Exercise brief »
Return nothing but the lines from the one with "Chatroom XXX en direct de Noah_and_Steven" through the one with "Кв Бородинський 2к.кв." in the data below, word for word and without pictures.
BEGIN Data for review
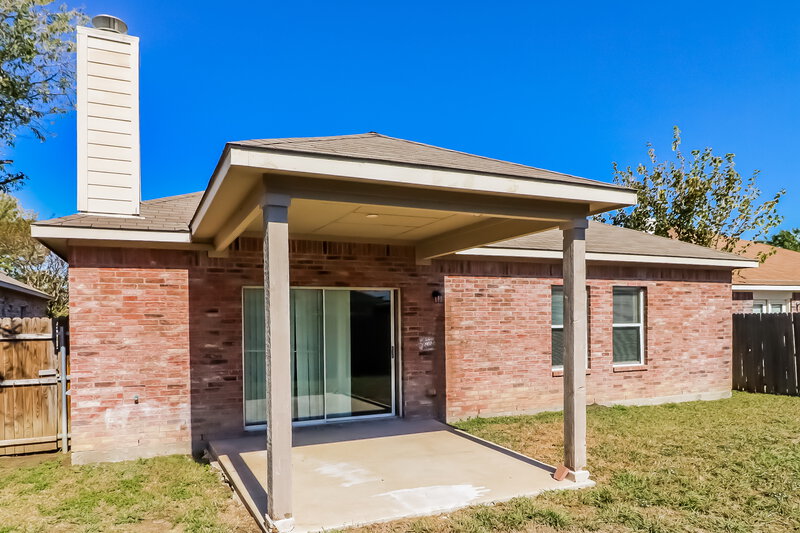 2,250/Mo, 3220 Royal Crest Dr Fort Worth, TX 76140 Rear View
END Data for review
BEGIN Data for review
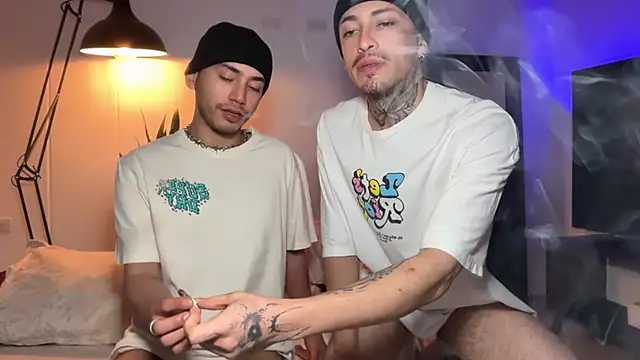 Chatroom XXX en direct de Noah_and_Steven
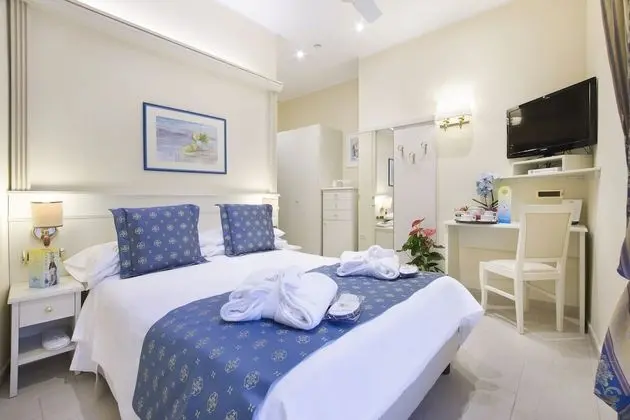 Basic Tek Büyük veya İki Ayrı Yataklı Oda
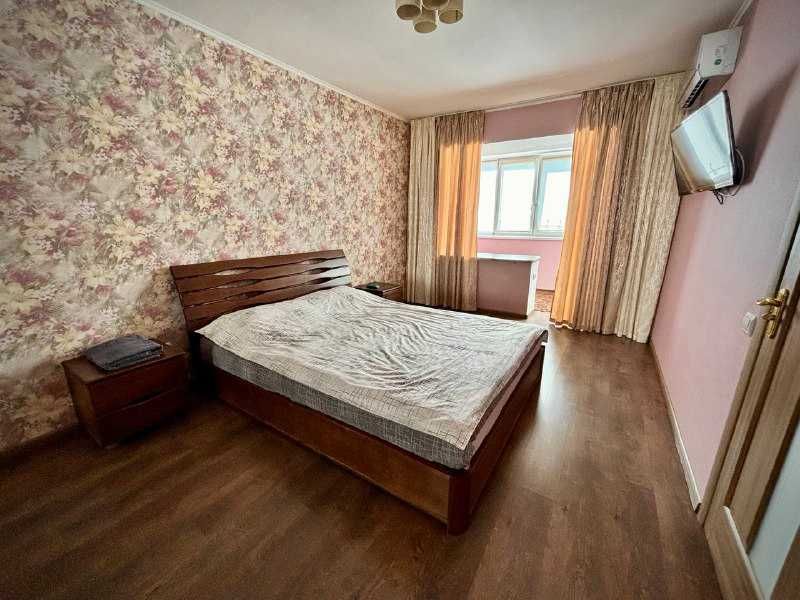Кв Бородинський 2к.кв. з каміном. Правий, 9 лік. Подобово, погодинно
END Data for review
Solution to this exercise »
 Chatroom XXX en direct de Noah_and_Steven
 Basic Tek Büyük veya İki Ayrı Yataklı Oda
Кв Бородинський 2к.кв. з каміном. Правий, 9 лік. Подобово, погодинно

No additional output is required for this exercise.